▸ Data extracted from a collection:
#####
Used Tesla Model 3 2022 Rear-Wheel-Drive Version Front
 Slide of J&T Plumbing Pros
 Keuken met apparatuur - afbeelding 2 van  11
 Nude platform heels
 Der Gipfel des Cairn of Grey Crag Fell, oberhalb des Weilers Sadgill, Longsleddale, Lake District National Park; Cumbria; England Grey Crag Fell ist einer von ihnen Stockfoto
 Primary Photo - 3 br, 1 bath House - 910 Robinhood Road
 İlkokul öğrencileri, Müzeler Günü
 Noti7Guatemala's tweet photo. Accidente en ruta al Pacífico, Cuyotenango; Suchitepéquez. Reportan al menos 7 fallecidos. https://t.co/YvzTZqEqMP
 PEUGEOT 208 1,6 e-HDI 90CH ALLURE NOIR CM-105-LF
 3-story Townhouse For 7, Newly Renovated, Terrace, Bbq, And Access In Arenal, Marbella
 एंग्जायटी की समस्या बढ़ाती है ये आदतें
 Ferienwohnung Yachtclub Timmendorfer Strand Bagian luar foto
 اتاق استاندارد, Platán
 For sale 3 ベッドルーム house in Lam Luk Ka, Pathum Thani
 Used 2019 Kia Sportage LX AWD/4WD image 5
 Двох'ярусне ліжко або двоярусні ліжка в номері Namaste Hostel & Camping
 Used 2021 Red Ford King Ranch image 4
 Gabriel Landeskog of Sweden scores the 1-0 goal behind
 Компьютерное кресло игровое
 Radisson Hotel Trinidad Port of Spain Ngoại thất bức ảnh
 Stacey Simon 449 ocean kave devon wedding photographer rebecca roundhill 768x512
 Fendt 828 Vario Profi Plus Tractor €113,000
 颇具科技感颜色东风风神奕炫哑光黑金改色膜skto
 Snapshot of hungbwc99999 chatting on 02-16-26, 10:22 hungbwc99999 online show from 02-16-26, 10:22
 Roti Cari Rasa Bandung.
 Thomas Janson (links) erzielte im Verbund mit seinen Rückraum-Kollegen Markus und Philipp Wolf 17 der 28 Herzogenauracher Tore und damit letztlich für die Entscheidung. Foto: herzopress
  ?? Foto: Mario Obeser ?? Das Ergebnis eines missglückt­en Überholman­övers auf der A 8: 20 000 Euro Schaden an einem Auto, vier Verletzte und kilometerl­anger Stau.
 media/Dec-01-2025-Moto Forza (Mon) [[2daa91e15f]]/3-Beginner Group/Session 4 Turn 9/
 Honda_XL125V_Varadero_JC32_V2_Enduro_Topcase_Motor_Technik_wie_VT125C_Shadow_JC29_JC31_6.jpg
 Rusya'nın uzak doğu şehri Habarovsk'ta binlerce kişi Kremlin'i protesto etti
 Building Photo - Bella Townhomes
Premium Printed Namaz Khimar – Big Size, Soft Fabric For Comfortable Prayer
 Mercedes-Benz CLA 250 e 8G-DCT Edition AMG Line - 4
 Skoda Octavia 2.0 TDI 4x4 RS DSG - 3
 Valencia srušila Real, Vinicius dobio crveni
#####
▸ How to complete this task:
Above are some records; copy exactly the lines from the one with "Gabriel Landeskog of" through the one with "Roti Cari Rasa Bandung.", both included, and no others.

▸ Exercise solution:
 Gabriel Landeskog of Sweden scores the 1-0 goal behind
 Компьютерное кресло игровое
 Radisson Hotel Trinidad Port of Spain Ngoại thất bức ảnh
 Stacey Simon 449 ocean kave devon wedding photographer rebecca roundhill 768x512
 Fendt 828 Vario Profi Plus Tractor €113,000
 颇具科技感颜色东风风神奕炫哑光黑金改色膜skto
 Snapshot of hungbwc99999 chatting on 02-16-26, 10:22 hungbwc99999 online show from 02-16-26, 10:22
 Roti Cari Rasa Bandung.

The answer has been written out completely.